Directions for this task:
Please restate each line of the data that follows word for word, skipping any image.

Dataset excerpts
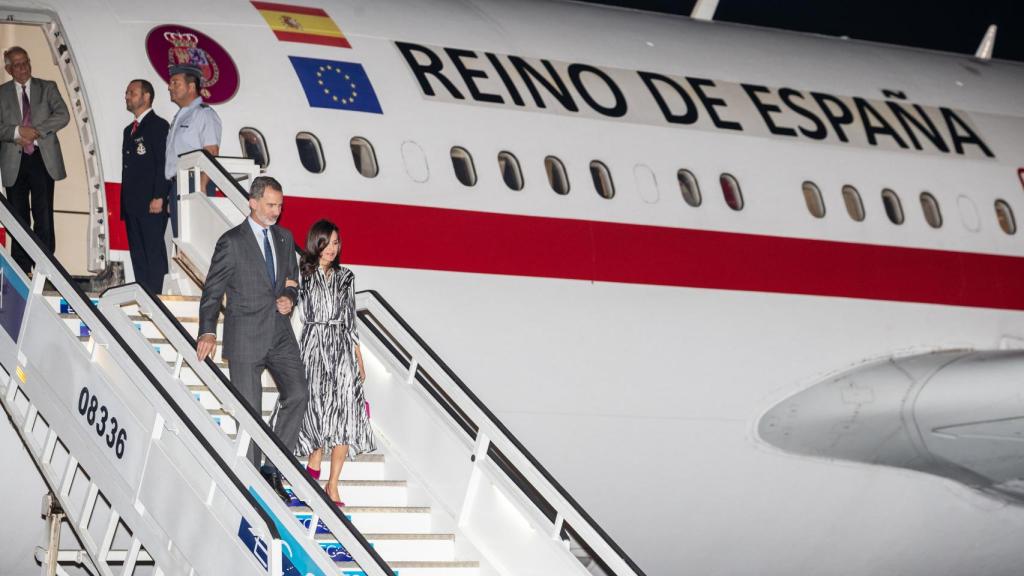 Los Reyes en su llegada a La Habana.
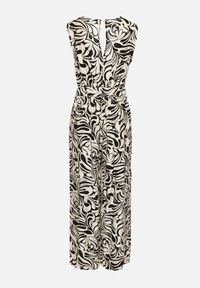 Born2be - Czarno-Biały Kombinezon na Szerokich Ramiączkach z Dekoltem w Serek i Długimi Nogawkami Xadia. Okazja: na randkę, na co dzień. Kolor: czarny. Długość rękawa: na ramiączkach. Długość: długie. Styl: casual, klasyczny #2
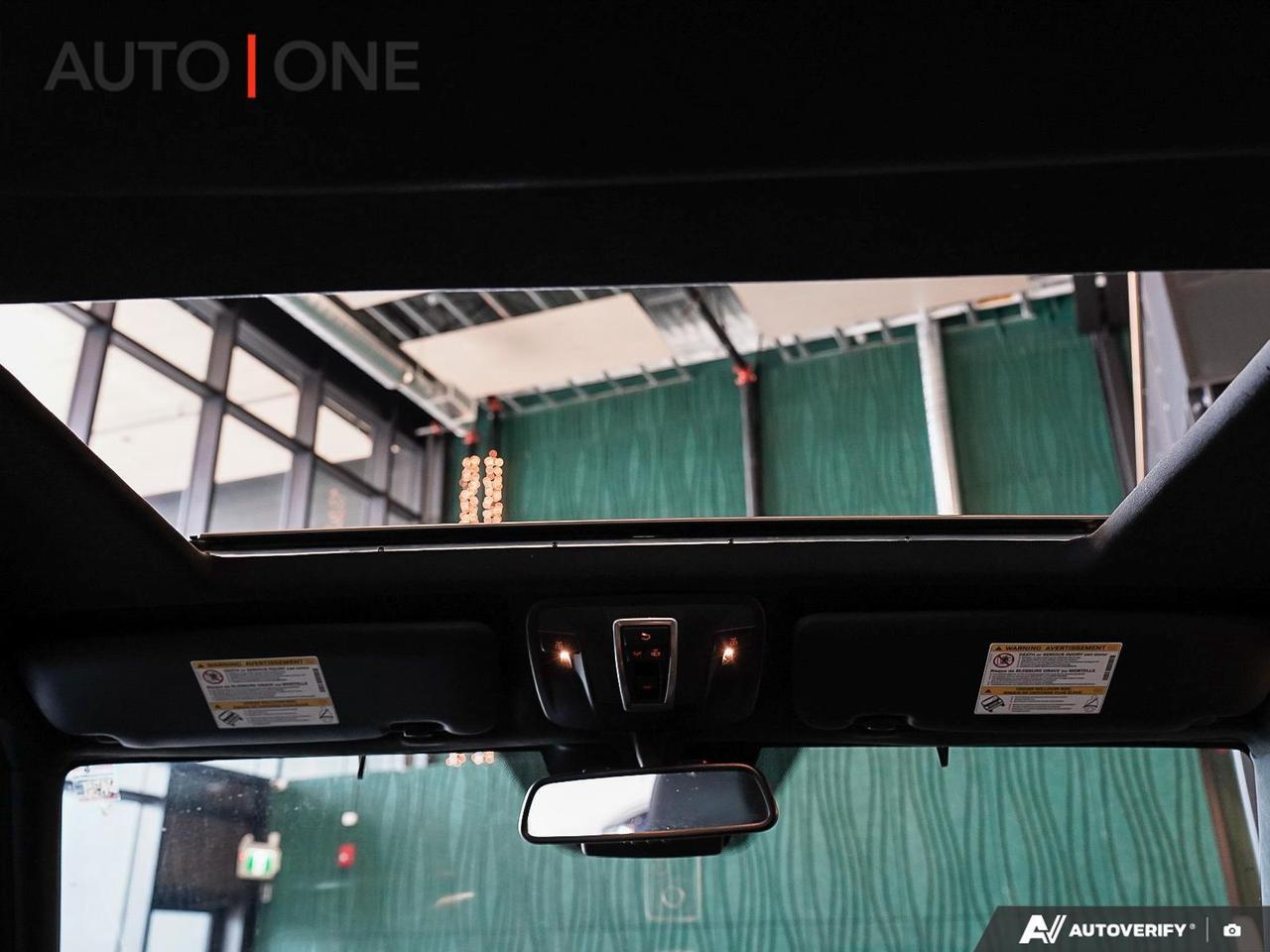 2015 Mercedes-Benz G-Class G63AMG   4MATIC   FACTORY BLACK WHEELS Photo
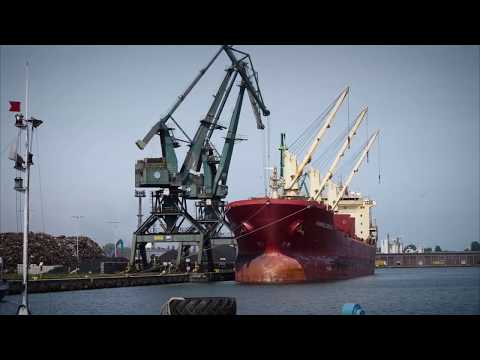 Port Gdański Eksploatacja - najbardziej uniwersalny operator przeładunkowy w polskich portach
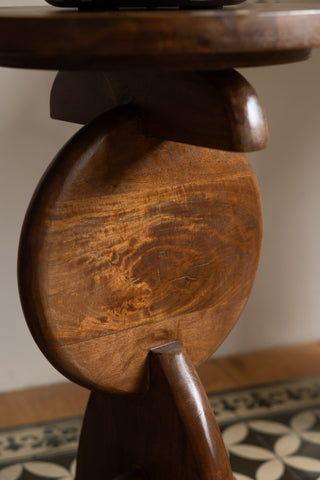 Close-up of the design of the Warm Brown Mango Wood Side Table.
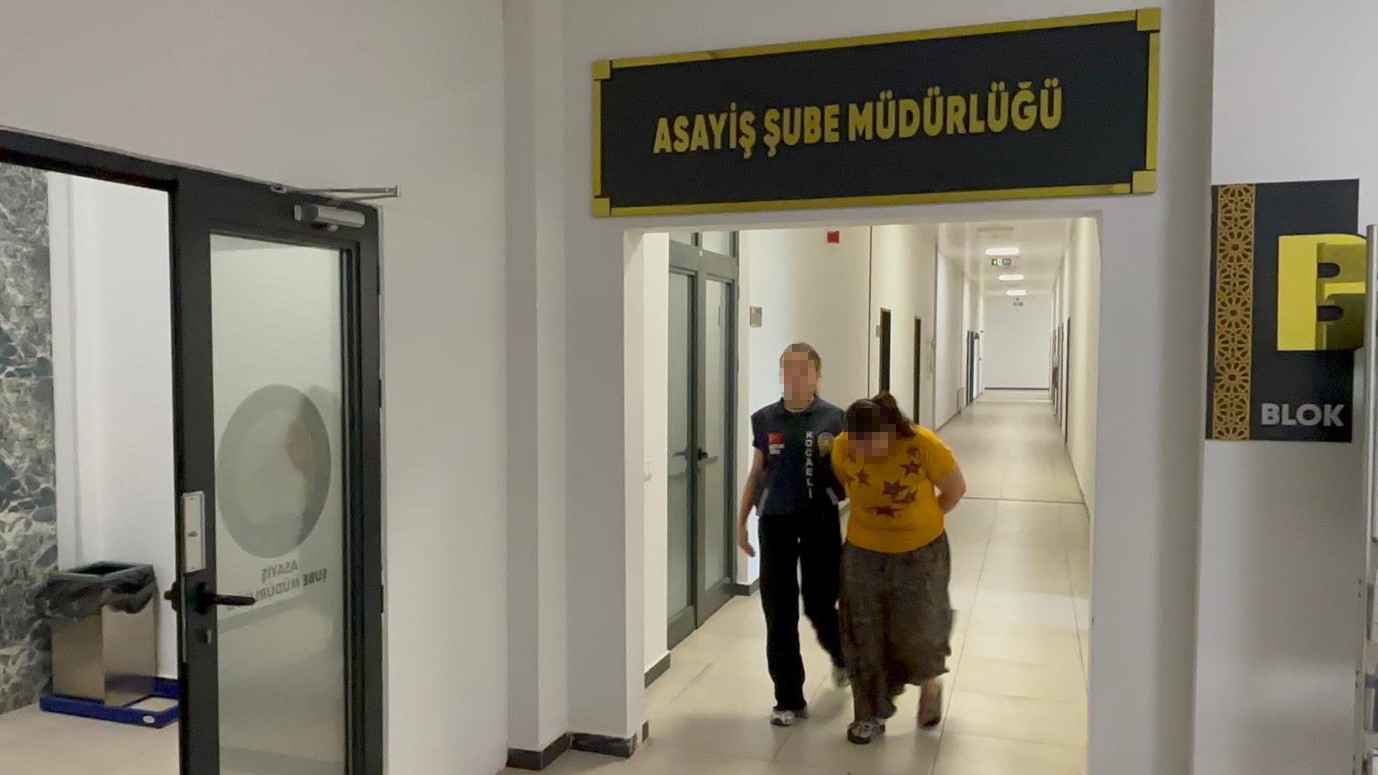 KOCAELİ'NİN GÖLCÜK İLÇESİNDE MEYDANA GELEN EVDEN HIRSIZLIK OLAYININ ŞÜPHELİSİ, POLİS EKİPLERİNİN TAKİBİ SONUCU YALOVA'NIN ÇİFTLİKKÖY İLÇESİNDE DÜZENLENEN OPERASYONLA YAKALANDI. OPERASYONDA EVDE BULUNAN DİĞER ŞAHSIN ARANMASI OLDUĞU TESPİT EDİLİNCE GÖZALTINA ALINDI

Result of this task:
 Los Reyes en su llegada a La Habana.
 Born2be - Czarno-Biały Kombinezon na Szerokich Ramiączkach z Dekoltem w Serek i Długimi Nogawkami Xadia. Okazja: na randkę, na co dzień. Kolor: czarny. Długość rękawa: na ramiączkach. Długość: długie. Styl: casual, klasyczny #2
 2015 Mercedes-Benz G-Class G63AMG   4MATIC   FACTORY BLACK WHEELS Photo
 Port Gdański Eksploatacja - najbardziej uniwersalny operator przeładunkowy w polskich portach
 Close-up of the design of the Warm Brown Mango Wood Side Table.
 KOCAELİ'NİN GÖLCÜK İLÇESİNDE MEYDANA GELEN EVDEN HIRSIZLIK OLAYININ ŞÜPHELİSİ, POLİS EKİPLERİNİN TAKİBİ SONUCU YALOVA'NIN ÇİFTLİKKÖY İLÇESİNDE DÜZENLENEN OPERASYONLA YAKALANDI. OPERASYONDA EVDE BULUNAN DİĞER ŞAHSIN ARANMASI OLDUĞU TESPİT EDİLİNCE GÖZALTINA ALINDI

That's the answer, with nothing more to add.